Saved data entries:
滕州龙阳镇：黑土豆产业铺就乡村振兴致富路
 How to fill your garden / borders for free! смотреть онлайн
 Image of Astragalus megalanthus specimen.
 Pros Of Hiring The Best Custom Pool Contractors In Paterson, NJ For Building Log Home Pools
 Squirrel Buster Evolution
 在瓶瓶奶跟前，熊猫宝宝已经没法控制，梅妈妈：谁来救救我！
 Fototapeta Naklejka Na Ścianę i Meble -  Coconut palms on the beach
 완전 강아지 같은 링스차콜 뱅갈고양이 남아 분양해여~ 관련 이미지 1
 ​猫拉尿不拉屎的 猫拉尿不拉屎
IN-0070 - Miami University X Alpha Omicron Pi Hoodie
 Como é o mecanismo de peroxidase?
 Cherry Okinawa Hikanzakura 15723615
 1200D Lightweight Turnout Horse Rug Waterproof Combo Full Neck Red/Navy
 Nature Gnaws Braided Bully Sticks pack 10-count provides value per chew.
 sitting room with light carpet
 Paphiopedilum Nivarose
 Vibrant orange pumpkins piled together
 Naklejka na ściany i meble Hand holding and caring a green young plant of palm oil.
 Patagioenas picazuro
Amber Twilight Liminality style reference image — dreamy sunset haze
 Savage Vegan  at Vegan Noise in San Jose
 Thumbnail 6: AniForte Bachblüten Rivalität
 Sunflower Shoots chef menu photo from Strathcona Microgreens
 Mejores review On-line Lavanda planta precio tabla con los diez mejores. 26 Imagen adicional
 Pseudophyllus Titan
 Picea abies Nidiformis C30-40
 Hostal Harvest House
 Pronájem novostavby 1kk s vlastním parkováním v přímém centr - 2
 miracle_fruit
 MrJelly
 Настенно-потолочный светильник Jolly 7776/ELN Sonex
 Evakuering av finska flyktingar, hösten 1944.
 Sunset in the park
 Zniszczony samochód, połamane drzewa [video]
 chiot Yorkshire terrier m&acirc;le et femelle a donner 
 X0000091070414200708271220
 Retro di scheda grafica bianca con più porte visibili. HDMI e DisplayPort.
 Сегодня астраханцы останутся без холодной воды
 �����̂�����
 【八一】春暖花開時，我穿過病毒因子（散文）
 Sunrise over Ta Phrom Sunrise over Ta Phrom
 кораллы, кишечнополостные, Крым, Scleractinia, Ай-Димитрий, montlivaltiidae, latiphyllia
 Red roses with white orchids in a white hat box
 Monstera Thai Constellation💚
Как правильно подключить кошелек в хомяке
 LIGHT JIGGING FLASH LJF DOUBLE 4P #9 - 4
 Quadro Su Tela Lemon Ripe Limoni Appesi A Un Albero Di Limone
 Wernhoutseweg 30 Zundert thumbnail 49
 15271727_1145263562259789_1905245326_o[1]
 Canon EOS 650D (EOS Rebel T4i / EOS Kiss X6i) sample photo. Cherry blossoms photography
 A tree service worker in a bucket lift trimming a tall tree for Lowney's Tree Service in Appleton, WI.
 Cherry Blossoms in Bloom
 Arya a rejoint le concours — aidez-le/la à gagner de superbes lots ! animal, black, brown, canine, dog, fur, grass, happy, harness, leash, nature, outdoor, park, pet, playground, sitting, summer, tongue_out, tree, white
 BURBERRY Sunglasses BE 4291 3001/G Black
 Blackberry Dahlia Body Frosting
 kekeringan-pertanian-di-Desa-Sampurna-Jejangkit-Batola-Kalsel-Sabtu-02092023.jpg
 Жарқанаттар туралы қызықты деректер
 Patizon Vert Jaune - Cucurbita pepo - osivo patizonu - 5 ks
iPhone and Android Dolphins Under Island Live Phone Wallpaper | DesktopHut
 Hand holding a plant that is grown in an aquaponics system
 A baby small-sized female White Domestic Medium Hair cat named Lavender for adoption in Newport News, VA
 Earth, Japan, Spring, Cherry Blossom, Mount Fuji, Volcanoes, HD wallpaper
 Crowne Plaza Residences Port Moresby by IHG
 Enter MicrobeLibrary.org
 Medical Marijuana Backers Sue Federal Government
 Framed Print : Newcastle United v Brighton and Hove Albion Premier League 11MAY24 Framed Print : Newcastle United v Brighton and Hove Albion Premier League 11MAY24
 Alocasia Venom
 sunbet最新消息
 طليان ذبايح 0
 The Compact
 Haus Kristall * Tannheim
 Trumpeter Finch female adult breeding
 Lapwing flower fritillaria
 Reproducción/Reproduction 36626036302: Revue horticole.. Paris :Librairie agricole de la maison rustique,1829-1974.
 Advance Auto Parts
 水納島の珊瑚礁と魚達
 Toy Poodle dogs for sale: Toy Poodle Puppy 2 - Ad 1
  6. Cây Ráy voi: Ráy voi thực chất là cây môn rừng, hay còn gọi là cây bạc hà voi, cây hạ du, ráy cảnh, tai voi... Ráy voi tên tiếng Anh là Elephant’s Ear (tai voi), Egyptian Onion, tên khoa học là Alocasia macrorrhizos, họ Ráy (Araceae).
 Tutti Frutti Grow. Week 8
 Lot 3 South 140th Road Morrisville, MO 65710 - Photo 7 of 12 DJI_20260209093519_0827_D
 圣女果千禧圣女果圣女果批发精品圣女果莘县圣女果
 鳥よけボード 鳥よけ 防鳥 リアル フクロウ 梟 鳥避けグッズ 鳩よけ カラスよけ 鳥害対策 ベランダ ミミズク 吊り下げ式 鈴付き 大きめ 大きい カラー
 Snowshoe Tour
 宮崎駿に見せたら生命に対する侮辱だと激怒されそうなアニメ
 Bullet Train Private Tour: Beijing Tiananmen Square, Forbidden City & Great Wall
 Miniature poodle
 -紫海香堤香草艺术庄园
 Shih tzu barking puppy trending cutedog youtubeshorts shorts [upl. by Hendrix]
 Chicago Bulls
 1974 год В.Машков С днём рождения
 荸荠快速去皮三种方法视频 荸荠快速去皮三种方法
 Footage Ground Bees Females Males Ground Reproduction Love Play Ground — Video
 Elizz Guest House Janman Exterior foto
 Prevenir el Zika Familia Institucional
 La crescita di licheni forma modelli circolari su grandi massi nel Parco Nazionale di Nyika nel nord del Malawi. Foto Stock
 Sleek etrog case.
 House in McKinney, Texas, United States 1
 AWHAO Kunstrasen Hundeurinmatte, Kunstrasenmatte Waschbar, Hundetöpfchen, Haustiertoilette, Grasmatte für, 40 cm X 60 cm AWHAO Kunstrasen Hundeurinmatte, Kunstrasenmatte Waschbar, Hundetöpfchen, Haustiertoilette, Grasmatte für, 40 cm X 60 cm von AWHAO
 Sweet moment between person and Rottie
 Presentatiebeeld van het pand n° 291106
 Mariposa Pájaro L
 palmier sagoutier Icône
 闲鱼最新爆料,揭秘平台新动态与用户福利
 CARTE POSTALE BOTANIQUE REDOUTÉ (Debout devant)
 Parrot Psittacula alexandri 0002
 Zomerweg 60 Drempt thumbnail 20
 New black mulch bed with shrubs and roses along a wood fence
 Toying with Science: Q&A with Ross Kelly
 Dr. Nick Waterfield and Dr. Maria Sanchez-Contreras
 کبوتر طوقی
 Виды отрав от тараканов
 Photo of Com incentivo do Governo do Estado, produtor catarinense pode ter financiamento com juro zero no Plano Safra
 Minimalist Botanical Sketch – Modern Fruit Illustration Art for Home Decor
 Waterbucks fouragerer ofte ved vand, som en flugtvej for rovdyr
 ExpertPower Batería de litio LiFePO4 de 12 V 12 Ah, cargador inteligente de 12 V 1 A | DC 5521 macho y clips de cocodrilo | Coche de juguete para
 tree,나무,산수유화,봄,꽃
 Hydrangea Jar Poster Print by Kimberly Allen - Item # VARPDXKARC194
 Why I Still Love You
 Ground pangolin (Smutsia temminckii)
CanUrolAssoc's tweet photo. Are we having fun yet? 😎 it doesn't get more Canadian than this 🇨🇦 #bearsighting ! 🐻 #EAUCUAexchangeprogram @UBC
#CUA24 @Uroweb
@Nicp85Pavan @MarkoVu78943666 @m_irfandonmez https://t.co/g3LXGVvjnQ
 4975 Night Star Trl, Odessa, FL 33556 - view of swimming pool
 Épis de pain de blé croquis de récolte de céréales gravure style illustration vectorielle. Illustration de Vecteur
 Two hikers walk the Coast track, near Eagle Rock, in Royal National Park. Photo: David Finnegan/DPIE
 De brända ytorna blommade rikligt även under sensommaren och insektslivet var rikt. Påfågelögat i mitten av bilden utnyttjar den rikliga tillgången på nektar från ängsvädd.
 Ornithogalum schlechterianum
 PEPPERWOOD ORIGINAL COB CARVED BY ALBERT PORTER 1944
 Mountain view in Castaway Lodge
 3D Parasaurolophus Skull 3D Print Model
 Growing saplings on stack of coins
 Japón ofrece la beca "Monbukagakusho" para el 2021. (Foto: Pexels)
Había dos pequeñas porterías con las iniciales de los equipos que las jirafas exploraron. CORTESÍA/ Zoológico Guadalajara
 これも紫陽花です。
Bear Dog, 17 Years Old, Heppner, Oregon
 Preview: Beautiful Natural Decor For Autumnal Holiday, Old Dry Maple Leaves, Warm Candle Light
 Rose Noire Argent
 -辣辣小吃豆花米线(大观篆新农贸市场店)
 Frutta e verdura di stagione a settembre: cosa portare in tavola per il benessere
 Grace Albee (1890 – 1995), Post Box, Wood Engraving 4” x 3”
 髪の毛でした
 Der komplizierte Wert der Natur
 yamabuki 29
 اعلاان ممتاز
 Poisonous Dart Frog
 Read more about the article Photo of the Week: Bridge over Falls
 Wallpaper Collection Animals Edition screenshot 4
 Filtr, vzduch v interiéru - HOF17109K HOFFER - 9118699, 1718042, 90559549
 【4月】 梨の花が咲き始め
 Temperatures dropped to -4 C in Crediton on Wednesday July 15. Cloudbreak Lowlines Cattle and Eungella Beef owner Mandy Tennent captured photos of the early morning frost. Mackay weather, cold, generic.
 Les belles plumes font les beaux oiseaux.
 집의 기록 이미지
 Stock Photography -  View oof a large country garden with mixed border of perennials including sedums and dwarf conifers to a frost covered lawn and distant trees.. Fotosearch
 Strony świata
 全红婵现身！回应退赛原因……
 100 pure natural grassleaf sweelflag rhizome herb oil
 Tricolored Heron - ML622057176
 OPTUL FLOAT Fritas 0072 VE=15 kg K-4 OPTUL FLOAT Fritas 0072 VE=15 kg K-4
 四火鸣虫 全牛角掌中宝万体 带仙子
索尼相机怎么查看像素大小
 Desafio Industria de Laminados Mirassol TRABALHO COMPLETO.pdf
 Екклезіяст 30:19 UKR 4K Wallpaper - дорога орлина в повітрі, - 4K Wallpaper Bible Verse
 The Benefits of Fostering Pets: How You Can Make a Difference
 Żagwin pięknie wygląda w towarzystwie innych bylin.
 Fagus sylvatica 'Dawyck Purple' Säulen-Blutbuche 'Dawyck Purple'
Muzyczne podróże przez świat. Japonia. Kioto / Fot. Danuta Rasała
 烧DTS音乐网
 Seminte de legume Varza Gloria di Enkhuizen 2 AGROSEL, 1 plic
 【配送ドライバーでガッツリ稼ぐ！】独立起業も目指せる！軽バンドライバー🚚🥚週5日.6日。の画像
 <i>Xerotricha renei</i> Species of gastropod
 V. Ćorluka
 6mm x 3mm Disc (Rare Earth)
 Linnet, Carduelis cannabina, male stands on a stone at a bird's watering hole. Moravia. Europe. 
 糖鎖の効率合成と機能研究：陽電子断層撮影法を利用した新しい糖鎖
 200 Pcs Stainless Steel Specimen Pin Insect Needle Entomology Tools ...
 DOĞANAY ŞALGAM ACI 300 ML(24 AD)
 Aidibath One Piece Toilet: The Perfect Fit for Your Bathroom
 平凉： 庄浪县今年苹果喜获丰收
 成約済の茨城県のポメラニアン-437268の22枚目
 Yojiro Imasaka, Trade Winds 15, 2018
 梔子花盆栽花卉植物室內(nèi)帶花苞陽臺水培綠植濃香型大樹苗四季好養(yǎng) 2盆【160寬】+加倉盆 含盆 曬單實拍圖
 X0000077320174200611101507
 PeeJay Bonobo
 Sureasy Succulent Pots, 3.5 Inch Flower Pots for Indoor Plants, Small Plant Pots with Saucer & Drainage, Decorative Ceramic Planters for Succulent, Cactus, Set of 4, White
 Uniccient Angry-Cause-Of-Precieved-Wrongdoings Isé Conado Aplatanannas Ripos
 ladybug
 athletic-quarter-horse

* _Exercise aim_:
For the string "Reproduction", show each line of the entries above where it occurs.

* _Response to this task_:
 Reproducción/Reproduction 36626036302: Revue horticole.. Paris :Librairie agricole de la maison rustique,1829-1974.
 Footage Ground Bees Females Males Ground Reproduction Love Play Ground — Video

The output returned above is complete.